TSS 2025 Lectures
Theme: Resilient and Reliable Systems
TSS will kick off on Friday at 8 PM with an introductory session, providing an overview of the program and an opportunity to get to know each other, followed by dinner. The courses will run from Saturday morning through Monday afternoon, with the final session taking place at the ETS venue. A transfer will be provided from TSS to ETS on Monday at noon.
In addition to participation in the school, TSS registration includes hotel lodging with SPA access from Friday to Monday, all meals, and social activities.
TSS 2025 focuses on reliability and safety, aiming towards the analysis and design of resilient and reliable ICs and systems. Basic concepts as well as advanced topics for AI/ML accelerators and emerging applications will be presented.

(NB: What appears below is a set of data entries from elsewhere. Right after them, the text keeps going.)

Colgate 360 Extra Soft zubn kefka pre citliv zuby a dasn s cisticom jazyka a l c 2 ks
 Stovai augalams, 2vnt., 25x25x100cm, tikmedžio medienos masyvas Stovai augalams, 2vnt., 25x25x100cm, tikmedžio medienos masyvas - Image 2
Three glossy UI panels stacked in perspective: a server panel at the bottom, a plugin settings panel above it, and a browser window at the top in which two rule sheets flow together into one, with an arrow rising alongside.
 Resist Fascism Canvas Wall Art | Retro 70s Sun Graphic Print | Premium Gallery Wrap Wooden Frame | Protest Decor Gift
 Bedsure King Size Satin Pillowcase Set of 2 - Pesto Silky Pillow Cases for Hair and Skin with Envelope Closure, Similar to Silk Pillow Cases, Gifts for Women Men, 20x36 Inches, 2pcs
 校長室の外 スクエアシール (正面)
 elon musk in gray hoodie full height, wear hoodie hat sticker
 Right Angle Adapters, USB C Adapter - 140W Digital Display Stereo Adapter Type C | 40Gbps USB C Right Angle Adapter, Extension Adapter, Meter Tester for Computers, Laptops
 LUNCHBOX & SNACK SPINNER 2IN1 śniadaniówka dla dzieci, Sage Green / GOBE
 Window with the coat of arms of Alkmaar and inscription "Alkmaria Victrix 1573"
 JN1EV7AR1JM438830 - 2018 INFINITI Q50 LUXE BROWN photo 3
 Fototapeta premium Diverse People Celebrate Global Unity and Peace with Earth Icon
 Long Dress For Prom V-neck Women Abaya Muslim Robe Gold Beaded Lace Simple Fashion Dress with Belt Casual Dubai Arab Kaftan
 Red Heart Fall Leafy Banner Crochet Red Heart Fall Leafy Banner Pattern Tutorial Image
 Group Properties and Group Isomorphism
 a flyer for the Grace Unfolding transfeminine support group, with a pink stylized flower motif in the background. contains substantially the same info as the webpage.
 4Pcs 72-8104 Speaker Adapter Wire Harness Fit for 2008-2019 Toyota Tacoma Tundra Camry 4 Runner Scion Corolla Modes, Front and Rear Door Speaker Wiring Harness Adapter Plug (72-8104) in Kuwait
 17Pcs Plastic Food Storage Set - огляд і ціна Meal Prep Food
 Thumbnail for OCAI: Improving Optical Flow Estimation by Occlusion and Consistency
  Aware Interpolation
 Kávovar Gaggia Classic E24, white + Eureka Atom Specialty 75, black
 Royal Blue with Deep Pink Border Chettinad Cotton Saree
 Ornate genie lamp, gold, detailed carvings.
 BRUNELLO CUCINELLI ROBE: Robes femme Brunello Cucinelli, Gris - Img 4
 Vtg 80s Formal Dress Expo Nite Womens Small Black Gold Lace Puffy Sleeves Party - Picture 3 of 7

The Test Spring School 2025 will be held at LaSpa resort in Laulasmaa, which is located on a beach 40 km west of Tallinn Airport: https://www.laspa.ee. Bus transfers between the Conference hotel/Tallinn Airport to the TSS location will be available.
Lectures
1. Lifecycle Management of CMOS- and Emerging Technology-based Architectures: Why and How?
Leticia Bolzani Poelhs, IHP - Leibniz Institute for High Performance Microelectronics
Bio: Leticia Bolzani Poelhs graduated in Computer Science at the Federal University of Pelotas (UFPel), Brazil in 2002. In the year 2004, she received her M.Sc. Degree in Electrical Engineering at Pontifical Catholic University of Rio Grande do Sul (PUCRS), Brazil, and in 2008 her Ph.D. in Computer Engineering from the Politecnico di Torino, Italy. From 2010 to 2022 she was Professor of the School of Technology at PUCRS and from 2019 to 2024 she leaded the Research Group of Test and Reliability of Emerging Applications at the Chair of Integrated Digital Systems, RWTH Aachen University, Germany. From January 2025, she is leading the Research Group of Neuromorphic Hardware at IHP – Leibniz Institute for High Performance Microelectronics, Germany. She is member of the Steering Committee of IEEE LATS. She served as track chair and program committee member for several conferences, such as DATE, ETS, DDECS, DTTIS, VTS, VLSI-SoC, etc. Finally, she received the 2021 JETTA-TTTC Best Paper Award, the IEEE Latin American Test Symposium (LATS2022) Best Paper Award and the HiPEAC 2023 Paper Award for the paper at Design Automation Conference (DAC2023).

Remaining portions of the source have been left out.